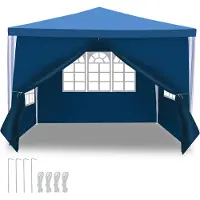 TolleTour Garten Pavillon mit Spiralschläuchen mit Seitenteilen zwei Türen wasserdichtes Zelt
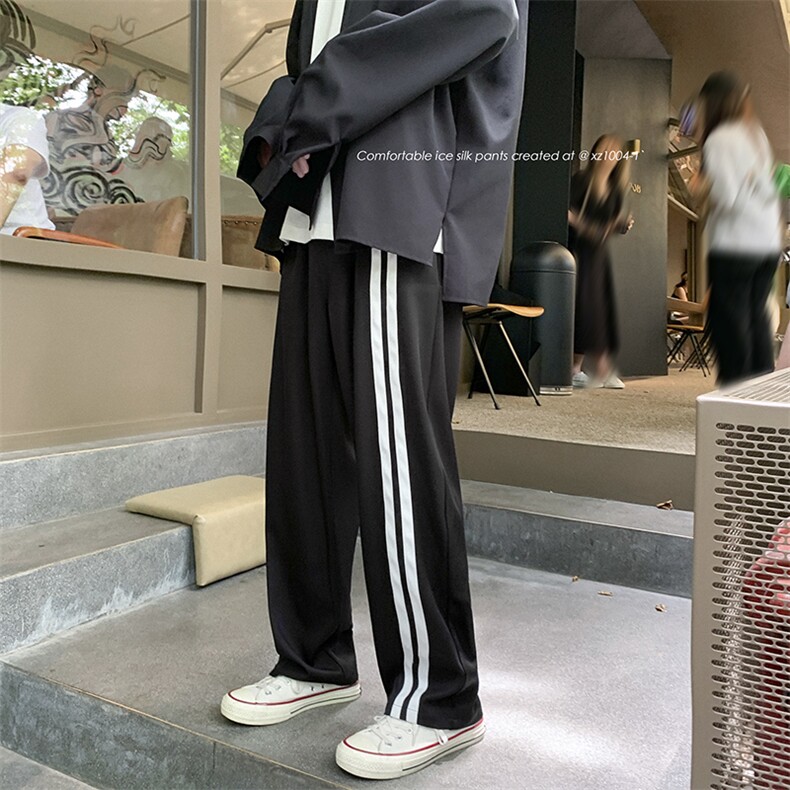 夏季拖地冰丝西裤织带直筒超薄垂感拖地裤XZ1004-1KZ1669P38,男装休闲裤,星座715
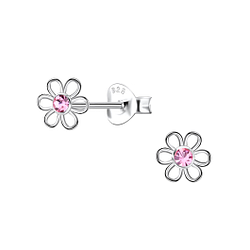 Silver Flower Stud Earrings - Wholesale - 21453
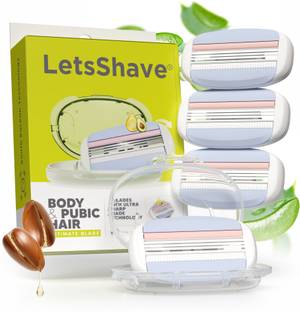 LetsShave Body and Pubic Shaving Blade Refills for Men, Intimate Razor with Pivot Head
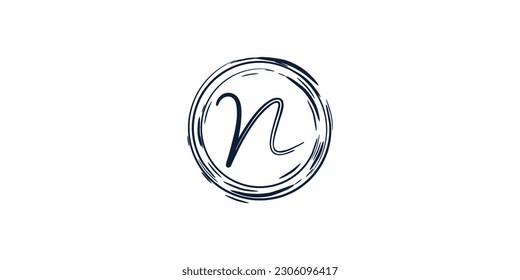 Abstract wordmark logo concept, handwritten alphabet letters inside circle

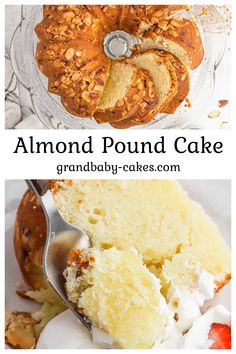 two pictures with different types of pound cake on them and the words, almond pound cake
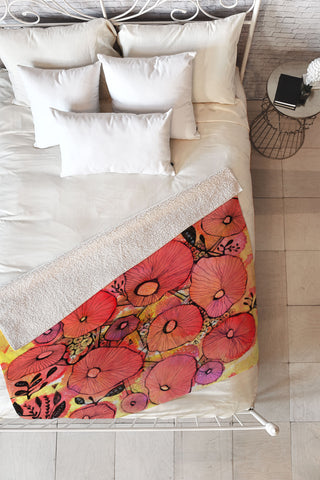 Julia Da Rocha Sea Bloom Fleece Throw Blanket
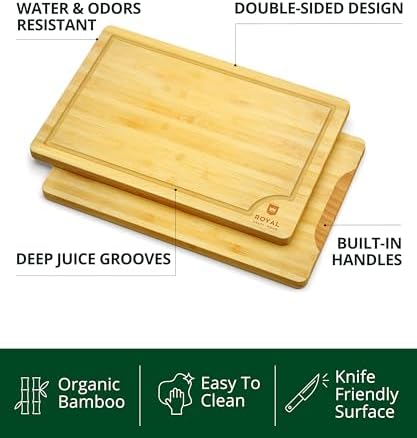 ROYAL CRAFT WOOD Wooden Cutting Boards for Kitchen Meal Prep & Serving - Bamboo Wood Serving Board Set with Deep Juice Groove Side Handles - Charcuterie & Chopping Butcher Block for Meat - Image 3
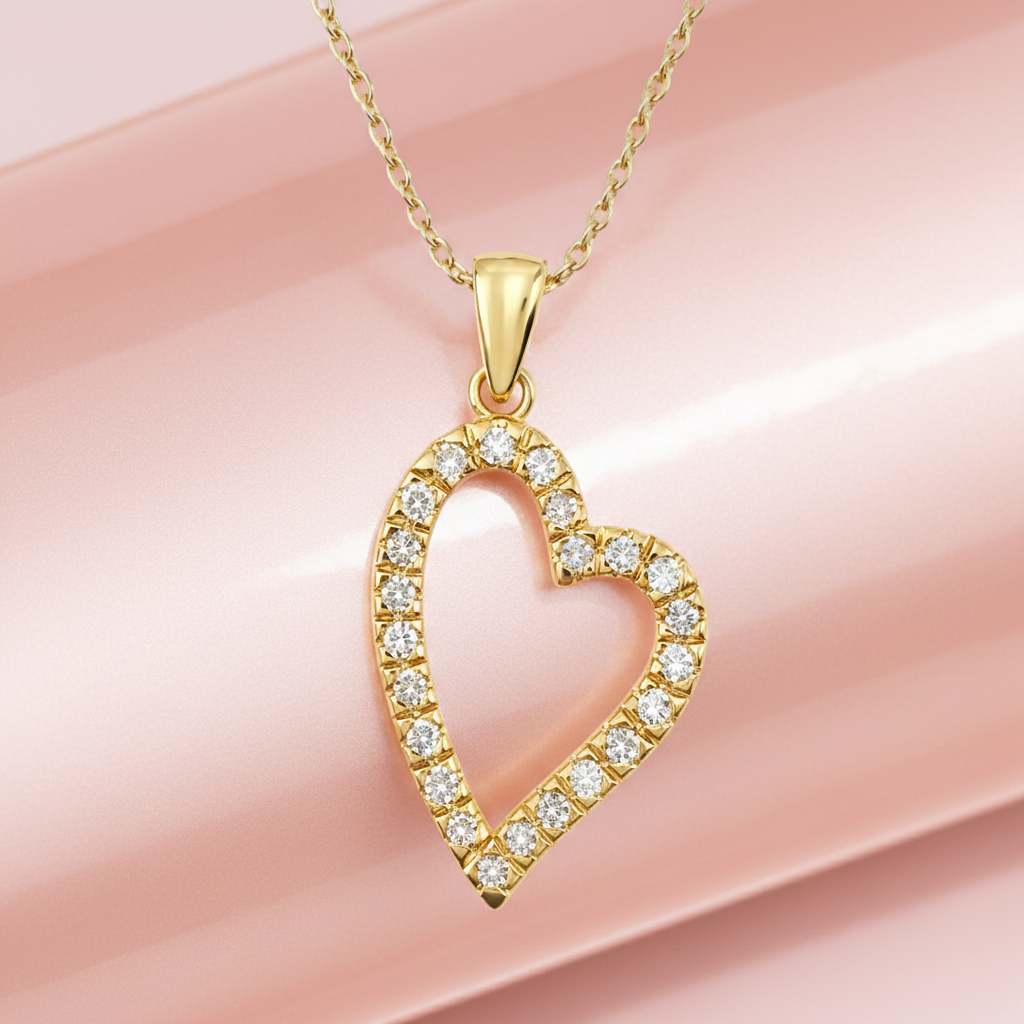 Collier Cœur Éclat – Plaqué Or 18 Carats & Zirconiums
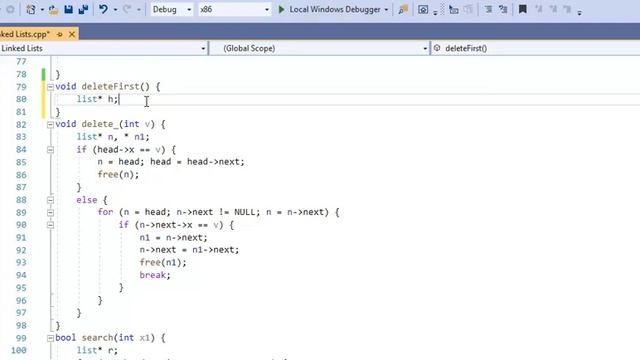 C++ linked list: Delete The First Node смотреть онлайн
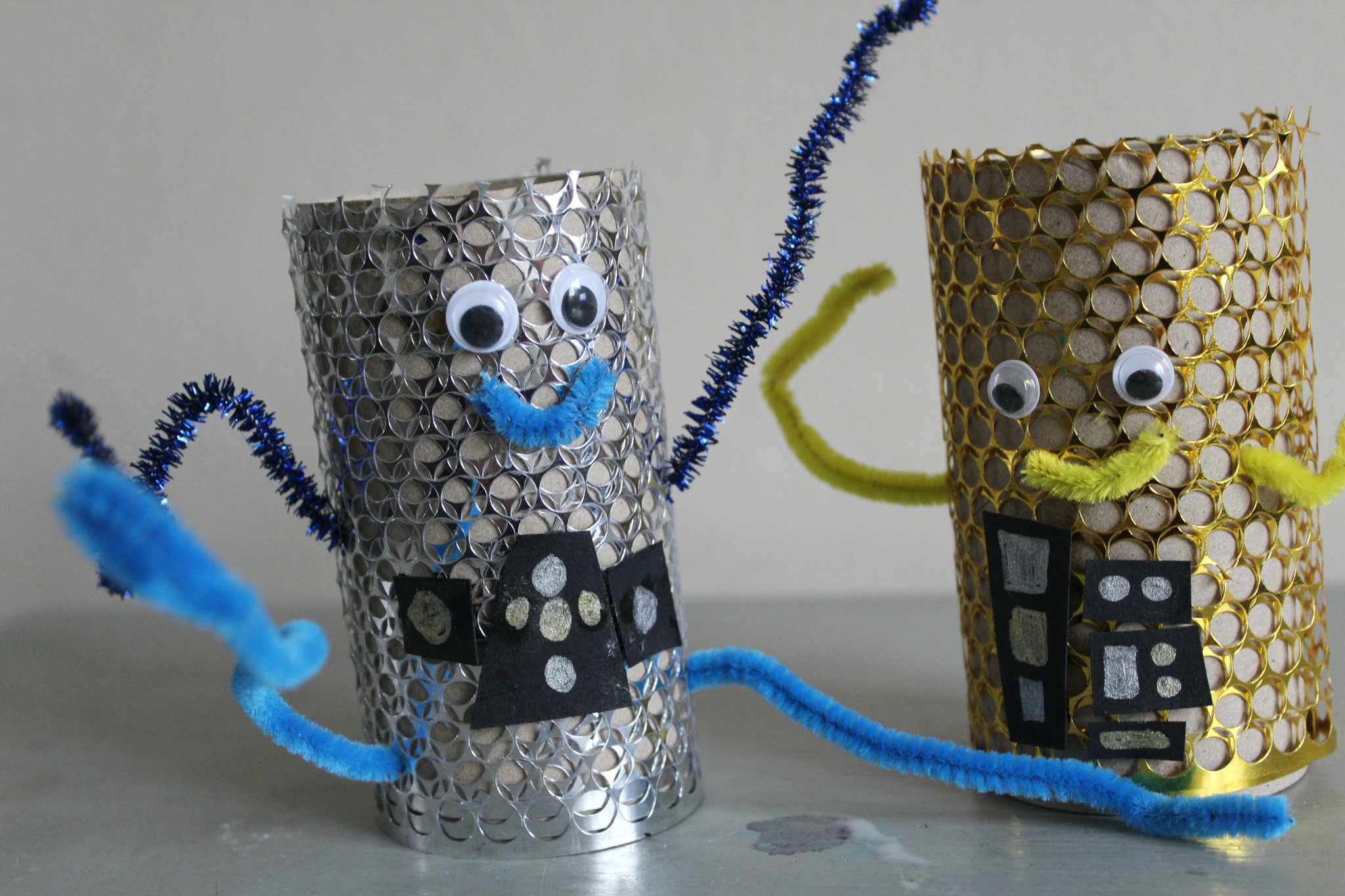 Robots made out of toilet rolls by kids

* **Exercise goal**
Everything above from the line containing "夏季拖地冰丝西裤织带直筒超薄" through the line containing "Julia Da Rocha" must be repeated exactly, and the pictures must be left out.

* **Final answer**
 夏季拖地冰丝西裤织带直筒超薄垂感拖地裤XZ1004-1KZ1669P38,男装休闲裤,星座715
 Silver Flower Stud Earrings - Wholesale - 21453
 LetsShave Body and Pubic Shaving Blade Refills for Men, Intimate Razor with Pivot Head
 Abstract wordmark logo concept, handwritten alphabet letters inside circle

 two pictures with different types of pound cake on them and the words, almond pound cake
 Julia Da Rocha Sea Bloom Fleece Throw Blanket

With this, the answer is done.